RIYADH, Saudi – One of the seven recently exposed Saudi terrorist cells used Syria as a base for coordinating with Al Qaeda in Iraq and held training camps in the Yemeni desert, a newspaper owned by Saudi royal family said Tuesday.
The Al-Watan paper report provided new detail on the what Saudi authorities have described as the biggest terrorist plot ever uncovered in the kingdom. The government in April announced that a monthslong terror sweep had netted 172 militants, some of who had trained abroad as pilots and planned attacks on government and military targets inside Saudi Arabia.
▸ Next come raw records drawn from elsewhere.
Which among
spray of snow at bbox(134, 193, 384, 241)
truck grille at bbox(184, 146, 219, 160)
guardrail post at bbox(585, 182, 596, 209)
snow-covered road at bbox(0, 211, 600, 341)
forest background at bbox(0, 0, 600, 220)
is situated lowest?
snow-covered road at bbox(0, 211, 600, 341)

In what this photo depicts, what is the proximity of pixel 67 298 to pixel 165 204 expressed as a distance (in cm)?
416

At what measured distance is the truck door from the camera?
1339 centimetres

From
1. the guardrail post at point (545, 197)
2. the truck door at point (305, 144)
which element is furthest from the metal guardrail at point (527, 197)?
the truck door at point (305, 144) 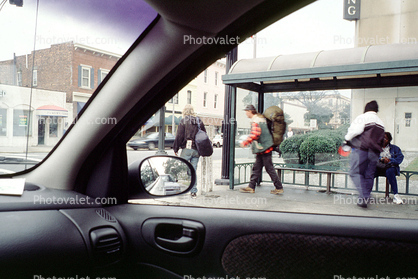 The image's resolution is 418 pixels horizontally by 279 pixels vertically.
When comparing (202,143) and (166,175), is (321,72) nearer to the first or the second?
(202,143)

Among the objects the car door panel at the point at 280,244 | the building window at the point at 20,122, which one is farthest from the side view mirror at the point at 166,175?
the building window at the point at 20,122

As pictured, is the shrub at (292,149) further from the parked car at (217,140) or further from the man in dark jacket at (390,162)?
the man in dark jacket at (390,162)

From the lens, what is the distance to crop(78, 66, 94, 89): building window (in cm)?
151

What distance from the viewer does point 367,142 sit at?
A: 5.42 meters

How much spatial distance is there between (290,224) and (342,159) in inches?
249

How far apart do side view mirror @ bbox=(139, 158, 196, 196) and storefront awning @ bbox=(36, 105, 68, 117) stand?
47 centimetres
The militants were said to have ben organized in seven cells.
"One of the uncovered cells used Syria as a `safe house' for meetings and coordination with active elements of Al Qaeda in Iraq," Al-Watan claimed. "The houses were used for recruiting and testing loyalties of new members, most of them were youngsters."
The paper said that this cell, described as the most dangerous of the seven, had members train in camps in a mountainous area inside neighboring Yemen and close to the Saudi border.
Al-Watan, which is known to be owned by a member of the Saudi royal family, provided no sourcing for its report. In Syria, officials were not immediately available for comment on the Saudi paper's claim.
"The extremist group exploited the absence of any Yemeni authorities' control over this region and held permanent camps there. Selected members crossed the border in groups of three to four for training," Al-Watan said. "They stayed there until the zero hour to carry out the suicide operations."
Authorities said the sweep thwarted the militants' plots to mount air attacks on the kingdom's oil refineries, break militants out of prison and send suicide attackers to kill government officials.
Saudi Arabia's long alliance with the United States has angered Saudi extremists, especially Al Qaeda leader Usama bin Laden, who was born in Saudi Arabia. Fifteen of the 19 airline hijackers in the Sept. 11 attacks were also from here.
In the kingdom, an austere strain of Islam known as Wahhabism is followed by the country's predominantly Sunni Muslim population, and militant groups have attracted Saudi recruits with extremist leanings.
Militants have in the past attacked foreigners living in Saudi Arabia and the country's oil industry, which has more than 260 billion barrels of proven oil reserves — a quarter of the world's total. Bin Laden also has urged such attacks to hurt the flow of oil to the West.